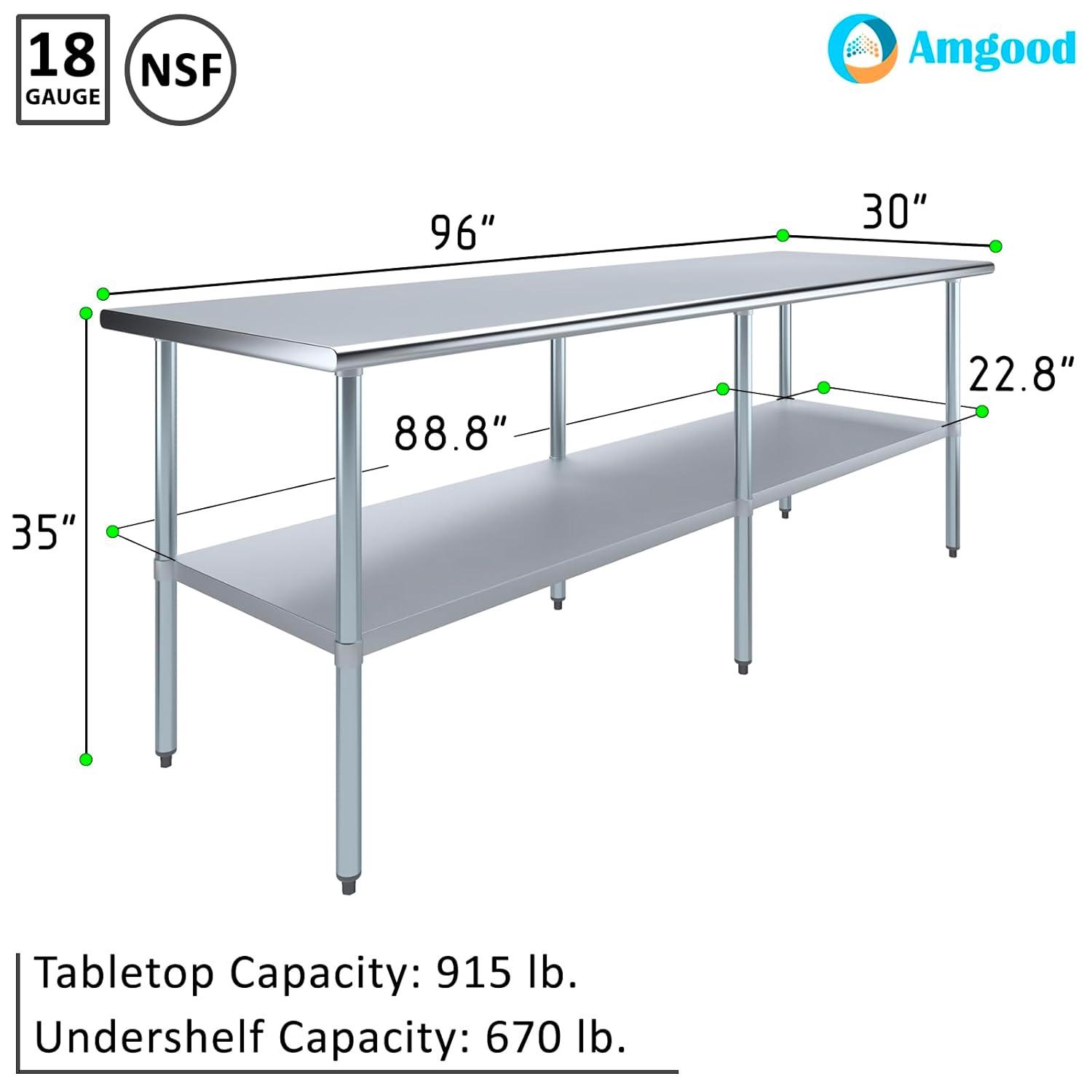 Amgood Amgood Stainless Steel 35'' H Work Table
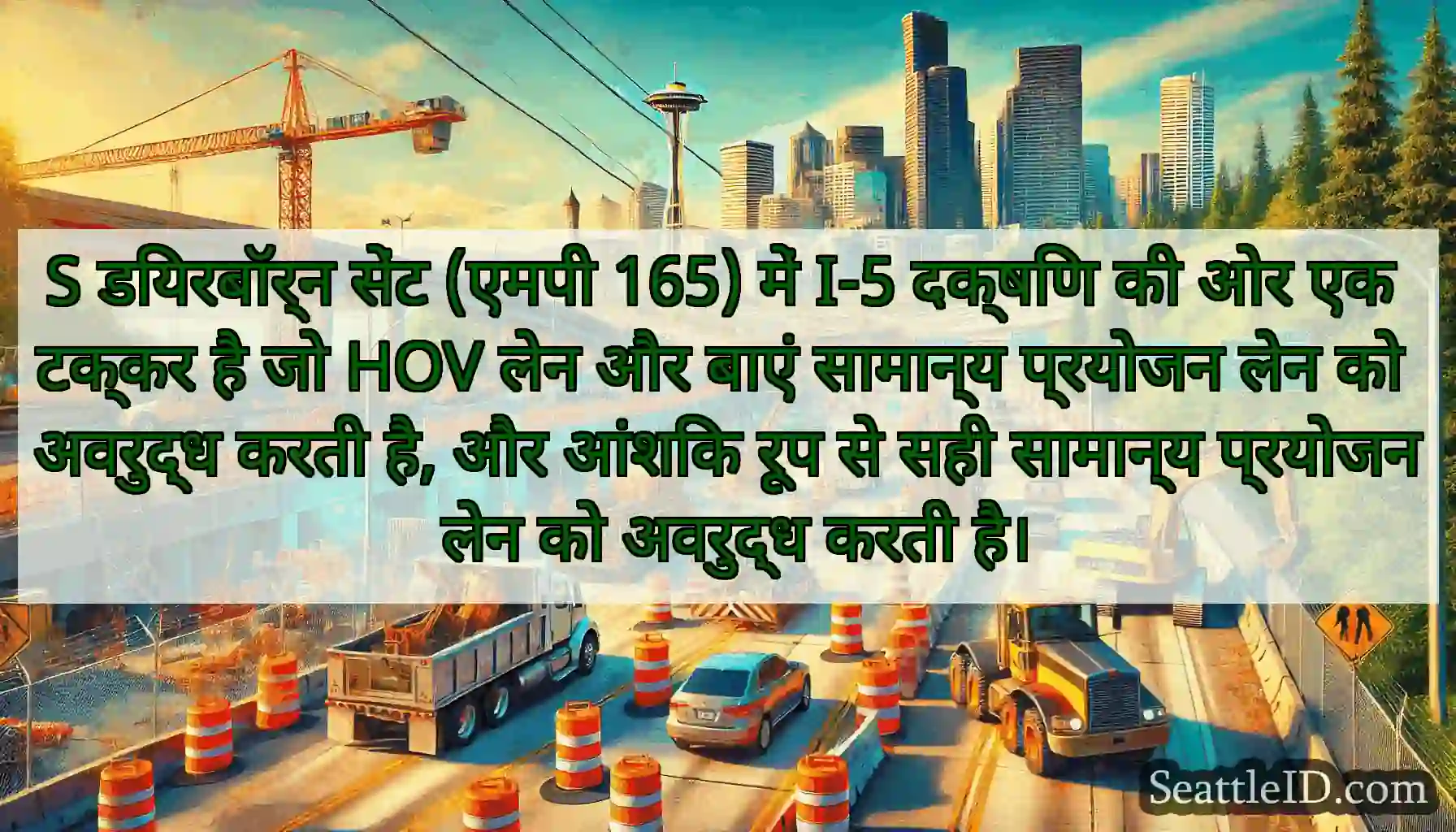 S डियरबॉर्न सेंट (एमपी 165) में I-5 दक्षिण की ओर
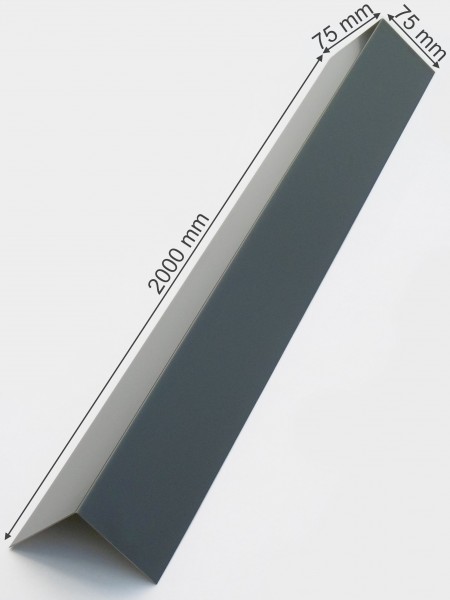 Anthrazit 75 mm x 75 mm 2 Meter lang Aluwinkelblech Zargenschoner Alu Blechwinkel Kantblech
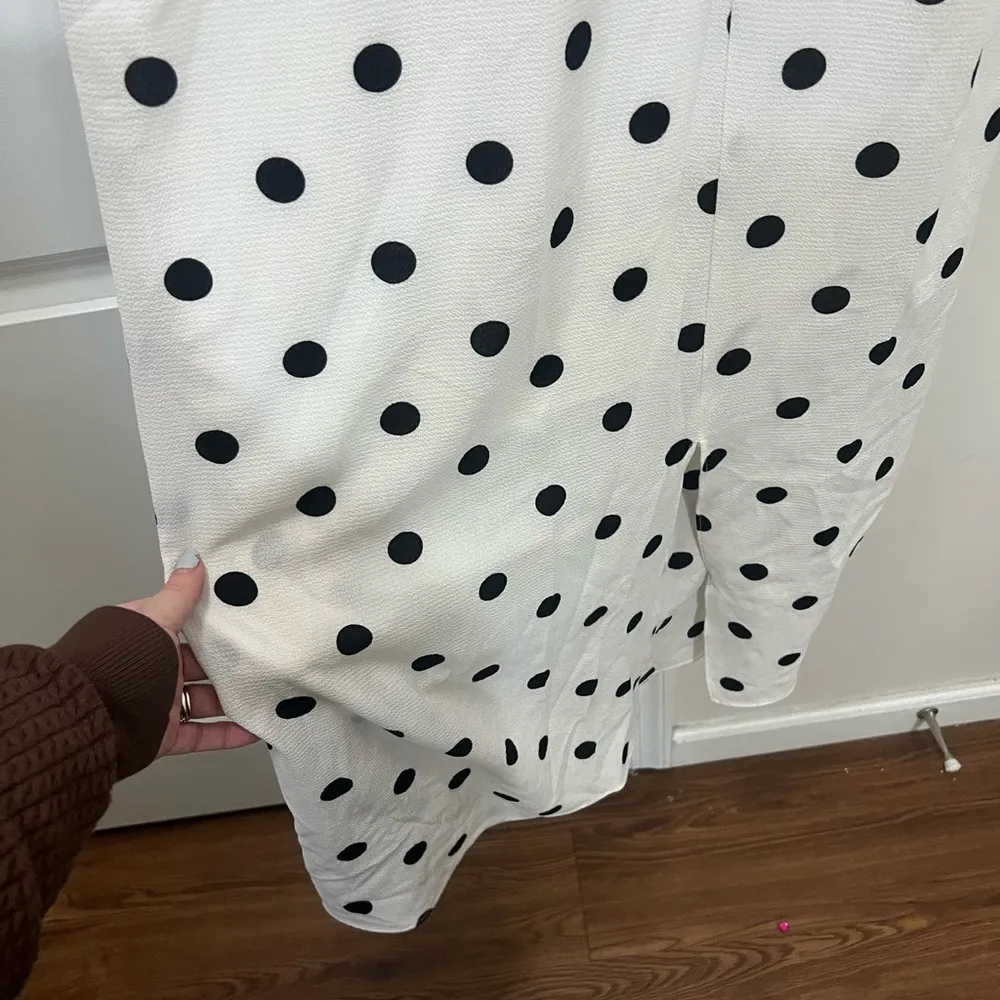 Great Jones White Polka Dot Ruffle Sleeve Dress Size Large $250 - Image 4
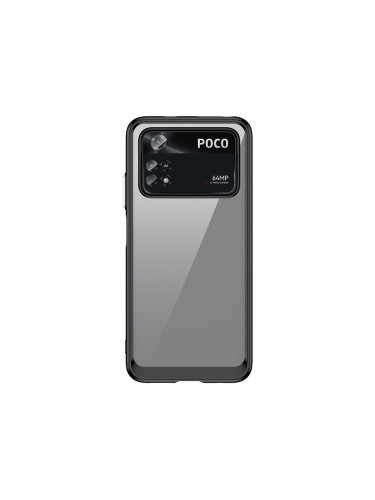 Прозрачен гръб с гел рамка Outer Space - Xiaomi Poco M4 Pro черен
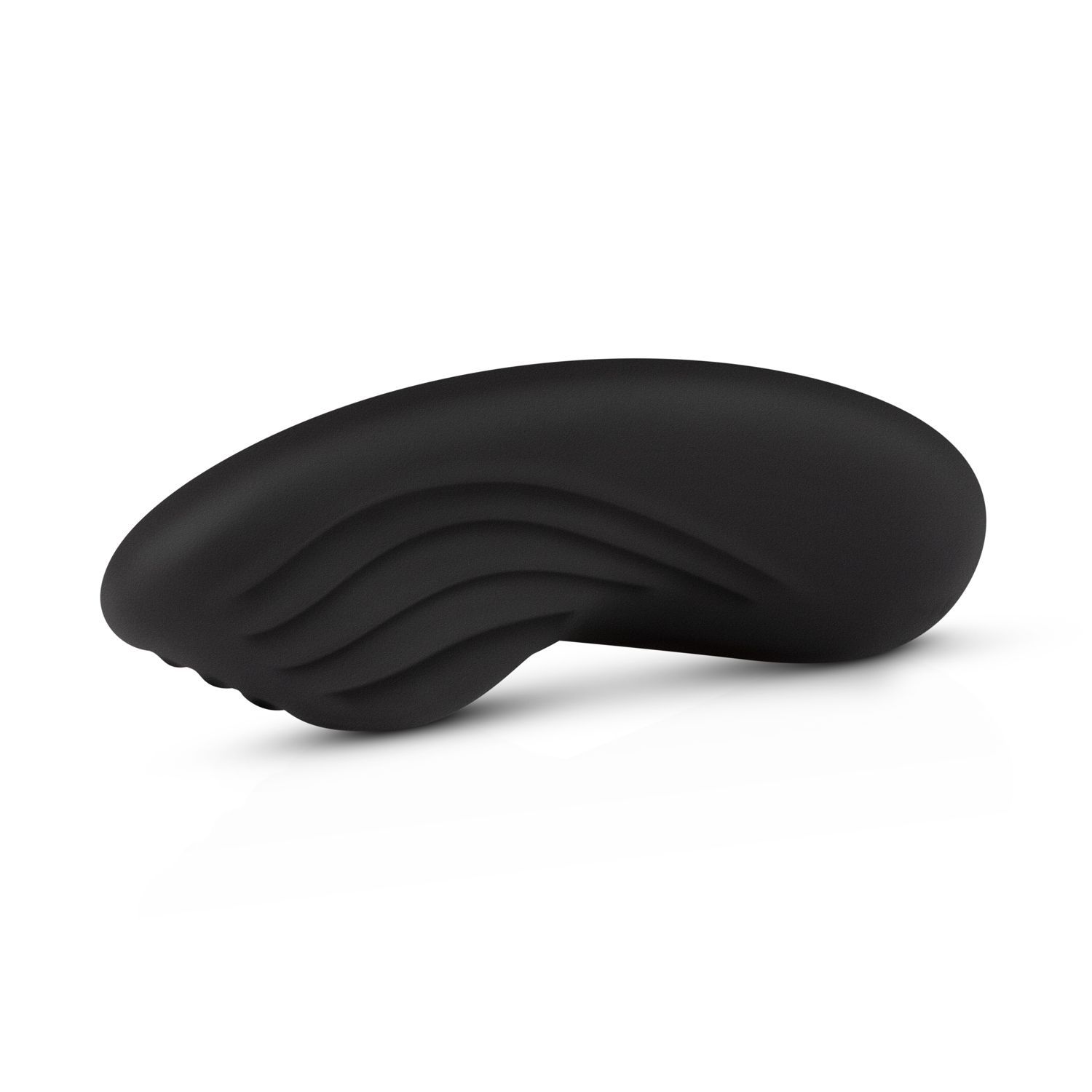 Vibrateur noir avec rainures incurvées. Vue du produit.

-- -- --

Can the entries above be repeated exactly, without their pictures?

 Amgood Amgood Stainless Steel 35'' H Work Table
 S डियरबॉर्न सेंट (एमपी 165) में I-5 दक्षिण की ओर
 Anthrazit 75 mm x 75 mm 2 Meter lang Aluwinkelblech Zargenschoner Alu Blechwinkel Kantblech
 Great Jones White Polka Dot Ruffle Sleeve Dress Size Large $250 - Image 4
 Прозрачен гръб с гел рамка Outer Space - Xiaomi Poco M4 Pro черен
 Vibrateur noir avec rainures incurvées. Vue du produit.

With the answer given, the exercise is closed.